The reality calls for a neutral and realistic analysis of the differing positions. So then we must first recognize an important fact: the Arab Christian component is a minority within the society in which they live. There is no denying the importance and weight of their role, through different historical periods, but the number counts, and the weight of the majority is completely different from that of the minority. This minority is alarmed. It fears that the political, social and economic turmoil which erupted unexpectedly, motivated by emotions rather than clear programs, and which does not take account of internal and international conditions, can have serious consequences on the lives of minorities, and open the way for an unknown and terrible future.
The first Arab revolts received the full support of the Arab world, but today this is no longer the case. For example, the societies in countries where there is a revolt – Syria, Yemen, and Bahrain – are divided on how the prospect of change and demands for democratic reforms. In some places there are calls for a peaceful solution, and protests against foreign interference, but elsewhere there are those who use violence and confrontation, and there are those who rely on armed protests and use foreign forces to overthrow the regime. The situation is made more difficult by the attitude of the international community and the UN Security Council. Each party is acting according to his own interests, analysis and strategies to operate in the present and future of the region. And this situation means that Arab Christians should wait before committing themselves, to avoid any errors in assessing all probabilities.

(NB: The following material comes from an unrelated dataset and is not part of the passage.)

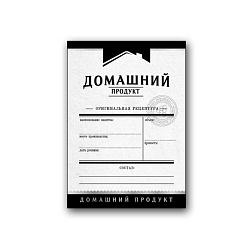 Самоклеющиеся этикетки ЧЕРНЫЕ 12 шт. (вертик.)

It is also only natural that Christians should mistrust these protests, fearing that they will be led by radical Islamic forces who want to seize power, based on the fact that they are more organized and have a greater, more effective ability to shuffle the cards. These are forces that have shed blood and desecrated Christian churches. As a result Arab Christians find themselves having to choose between accepting authoritarian systems, but with a certain amount of secularism, which guarantee freedom of religion, or a totally different type systems. They choose what seems to them the lesser of two evils.
What makes the problem complex and scene confusing is the lack of a convincing alternative to the systems protesters want to change. In addition, the protest movements do not have a unified command, a clear, specific program or trend. This situation allows opportunists to ride the wave of protest and direct the protest towards extremist goals. Arab Christians wisely use their position to make a decision. They see the danger of the conflicts between demonstrators and power, the killing of innocent people, destruction of property and the blocking of interests. They believe that peaceful solutions, the search for sober and discreet dialogue between people and rulers, opening the way for necessary reforms and restructuring are the best way to avert the possibility of external intervention in the water made increasingly cloudy by the riots.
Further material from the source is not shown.